**Data to process**
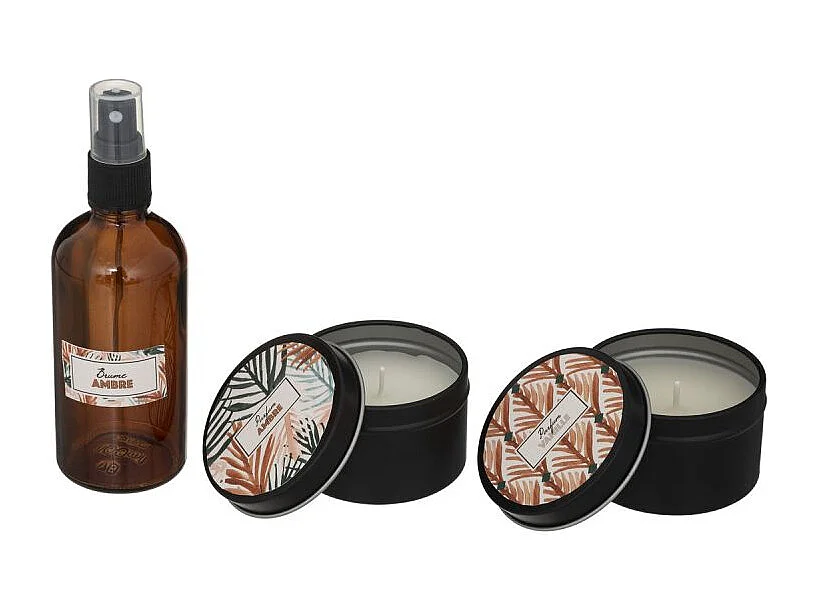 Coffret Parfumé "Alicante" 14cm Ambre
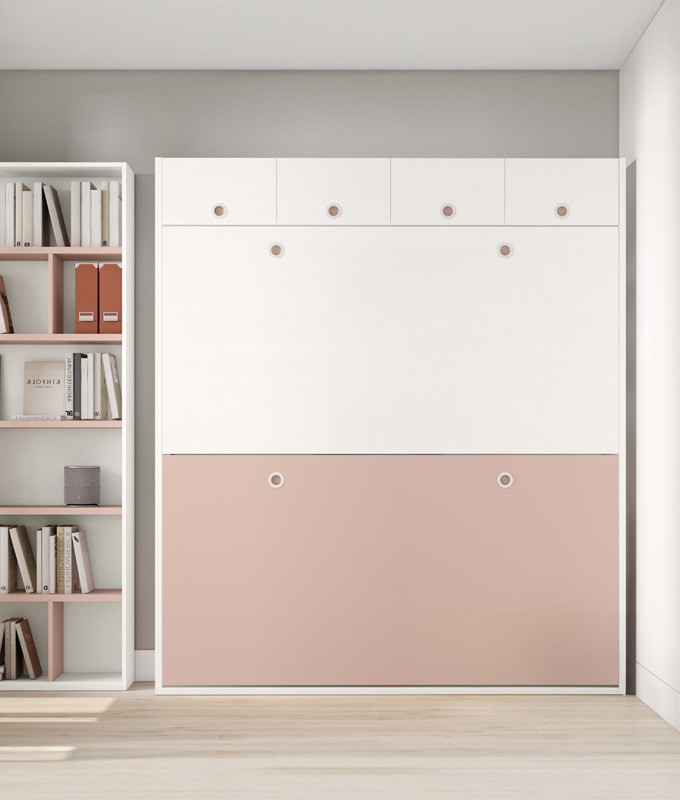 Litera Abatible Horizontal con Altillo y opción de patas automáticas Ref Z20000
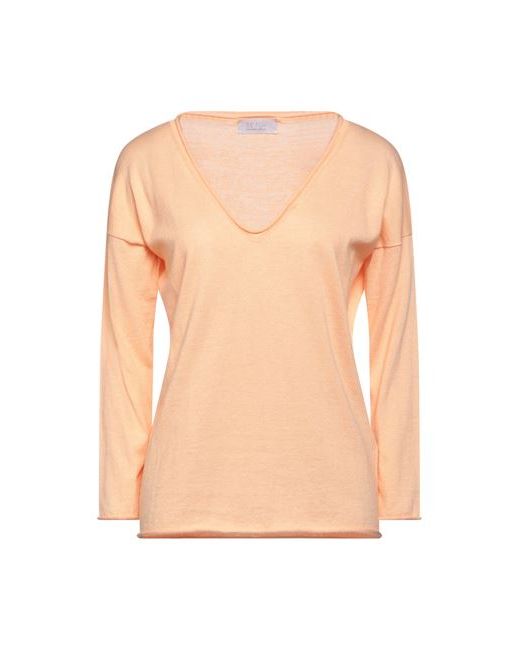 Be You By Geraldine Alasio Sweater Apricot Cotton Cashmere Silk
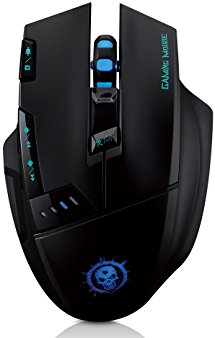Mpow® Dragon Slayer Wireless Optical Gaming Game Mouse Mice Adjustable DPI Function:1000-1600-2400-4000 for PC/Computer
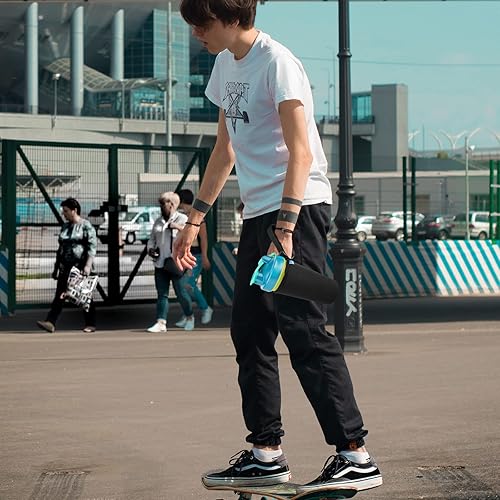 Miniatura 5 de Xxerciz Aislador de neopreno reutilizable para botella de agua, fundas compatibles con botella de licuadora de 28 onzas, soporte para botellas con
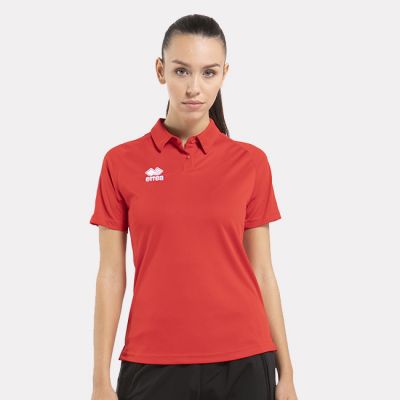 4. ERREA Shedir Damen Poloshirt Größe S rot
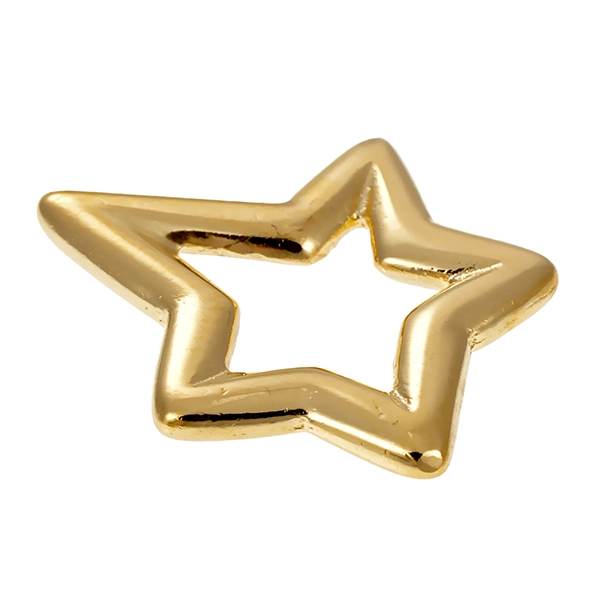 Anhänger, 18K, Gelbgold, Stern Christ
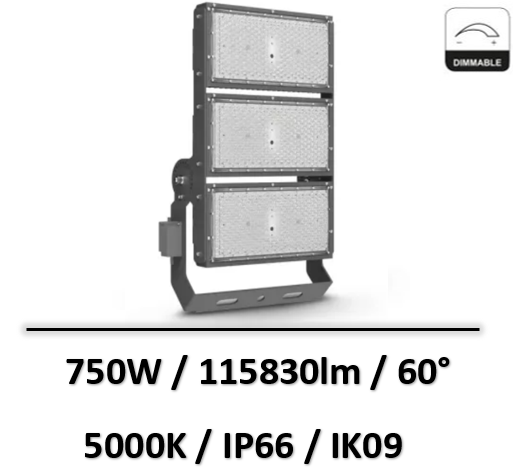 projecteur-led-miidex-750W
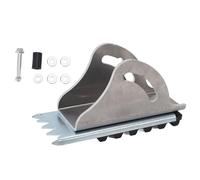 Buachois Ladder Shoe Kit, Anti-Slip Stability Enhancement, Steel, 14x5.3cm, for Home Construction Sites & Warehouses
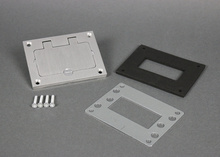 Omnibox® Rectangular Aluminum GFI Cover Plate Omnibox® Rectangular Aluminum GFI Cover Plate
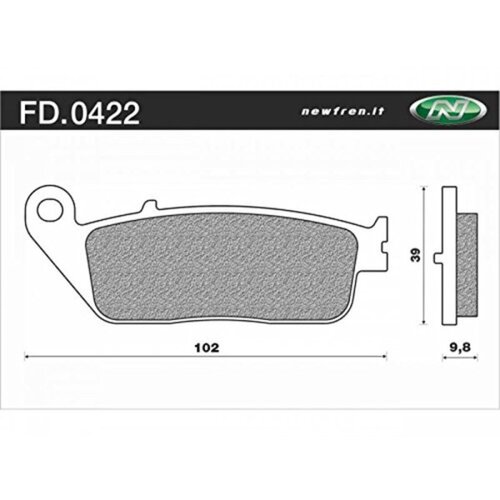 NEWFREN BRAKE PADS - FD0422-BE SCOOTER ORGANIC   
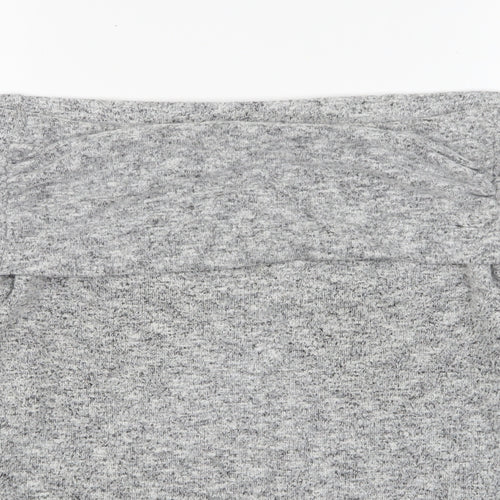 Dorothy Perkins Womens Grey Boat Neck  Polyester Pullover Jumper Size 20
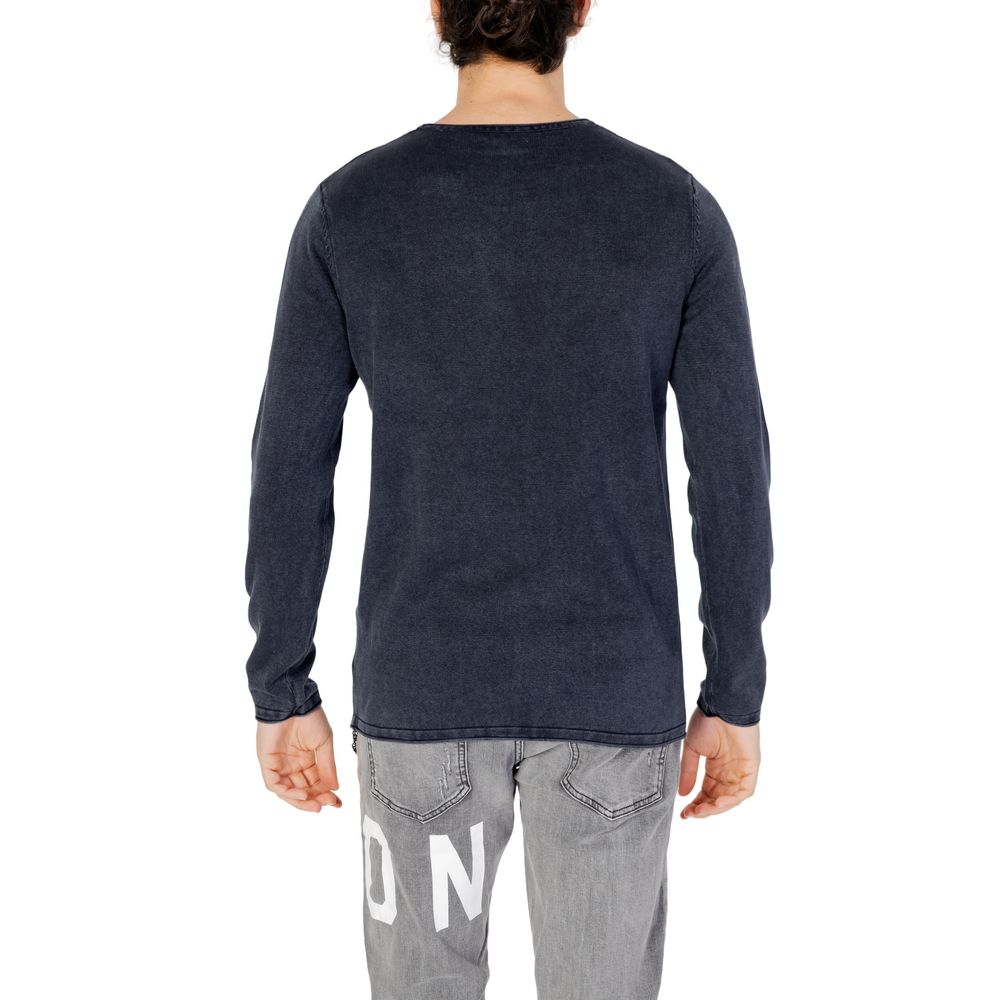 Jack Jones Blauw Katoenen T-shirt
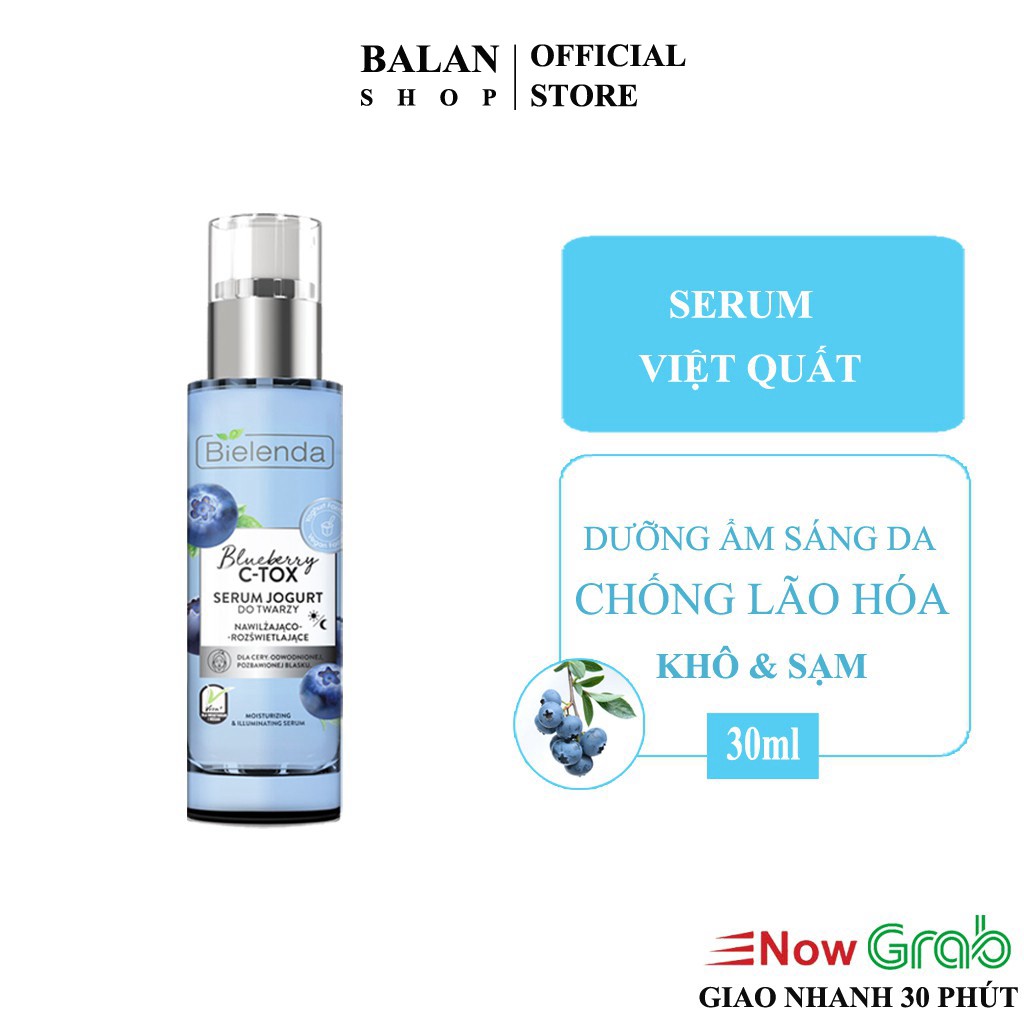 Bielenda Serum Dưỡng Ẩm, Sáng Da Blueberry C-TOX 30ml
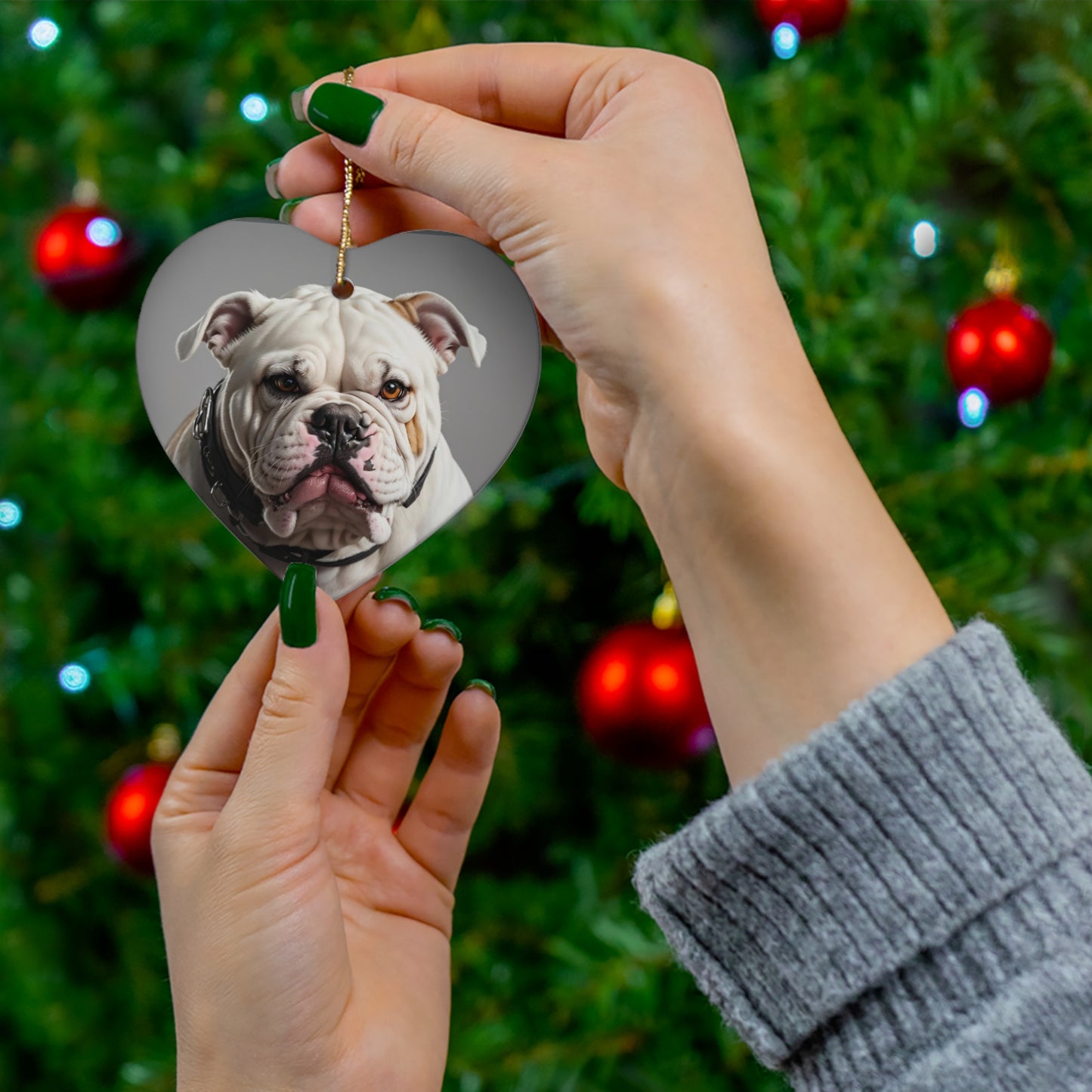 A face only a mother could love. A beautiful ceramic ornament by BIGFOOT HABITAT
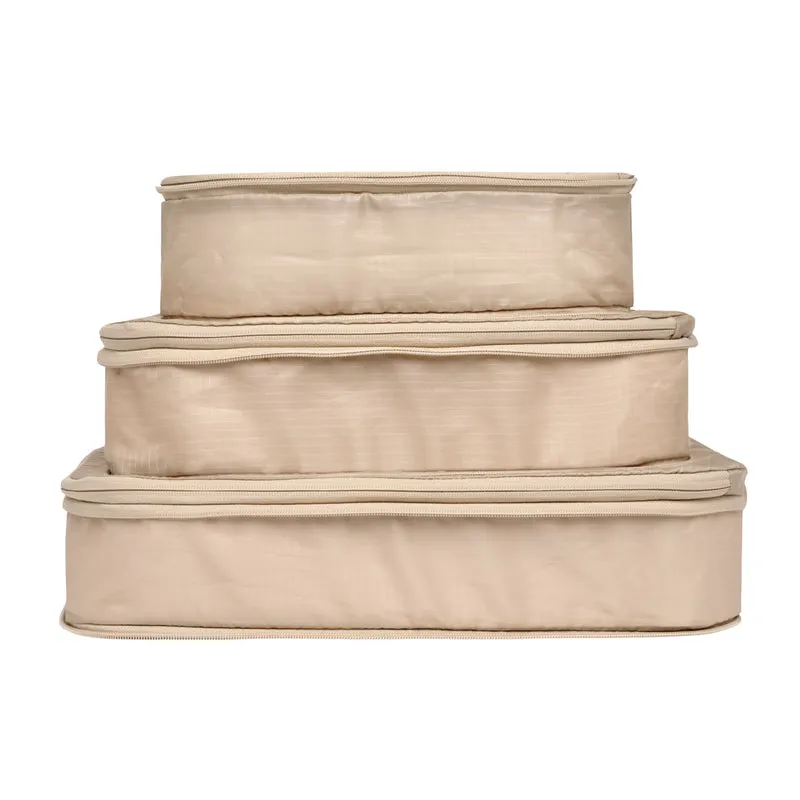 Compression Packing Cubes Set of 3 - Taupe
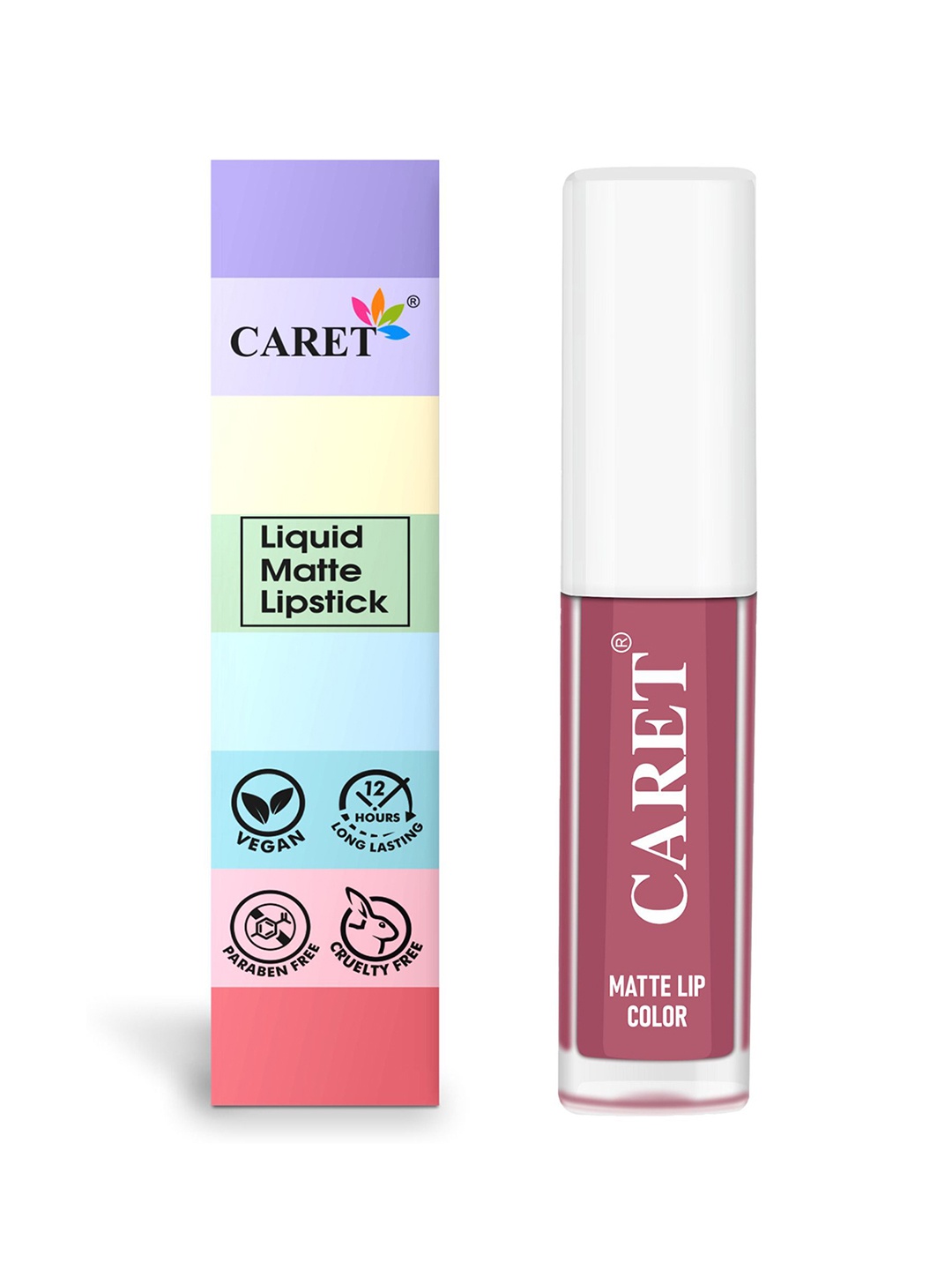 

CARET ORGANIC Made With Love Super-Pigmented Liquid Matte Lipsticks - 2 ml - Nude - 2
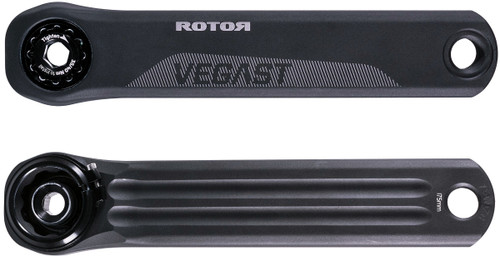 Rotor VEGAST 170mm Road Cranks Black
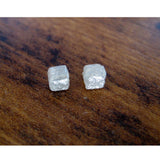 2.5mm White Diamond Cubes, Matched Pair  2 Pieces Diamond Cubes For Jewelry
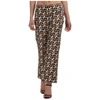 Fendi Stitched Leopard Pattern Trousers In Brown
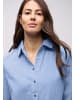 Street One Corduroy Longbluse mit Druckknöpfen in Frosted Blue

**Your assignment**
An exact transcription of the listing is required, and it must contain no pictures.

**Problem solution**
 Coffret Parfumé "Alicante" 14cm Ambre
 Litera Abatible Horizontal con Altillo y opción de patas automáticas Ref Z20000
 Be You By Geraldine Alasio Sweater Apricot Cotton Cashmere Silk
Mpow® Dragon Slayer Wireless Optical Gaming Game Mouse Mice Adjustable DPI Function:1000-1600-2400-4000 for PC/Computer
 Miniatura 5 de Xxerciz Aislador de neopreno reutilizable para botella de agua, fundas compatibles con botella de licuadora de 28 onzas, soporte para botellas con
 4. ERREA Shedir Damen Poloshirt Größe S rot
 Anhänger, 18K, Gelbgold, Stern Christ
 projecteur-led-miidex-750W
 Buachois Ladder Shoe Kit, Anti-Slip Stability Enhancement, Steel, 14x5.3cm, for Home Construction Sites & Warehouses
 Omnibox® Rectangular Aluminum GFI Cover Plate Omnibox® Rectangular Aluminum GFI Cover Plate
 NEWFREN BRAKE PADS - FD0422-BE SCOOTER ORGANIC   
 Dorothy Perkins Womens Grey Boat Neck  Polyester Pullover Jumper Size 20
 Jack Jones Blauw Katoenen T-shirt
 Bielenda Serum Dưỡng Ẩm, Sáng Da Blueberry C-TOX 30ml
 A face only a mother could love. A beautiful ceramic ornament by BIGFOOT HABITAT
 Compression Packing Cubes Set of 3 - Taupe

CARET ORGANIC Made With Love Super-Pigmented Liquid Matte Lipsticks - 2 ml - Nude - 2
 Rotor VEGAST 170mm Road Cranks Black
 2.5mm White Diamond Cubes, Matched Pair  2 Pieces Diamond Cubes For Jewelry
 Fendi Stitched Leopard Pattern Trousers In Brown
 Street One Corduroy Longbluse mit Druckknöpfen in Frosted Blue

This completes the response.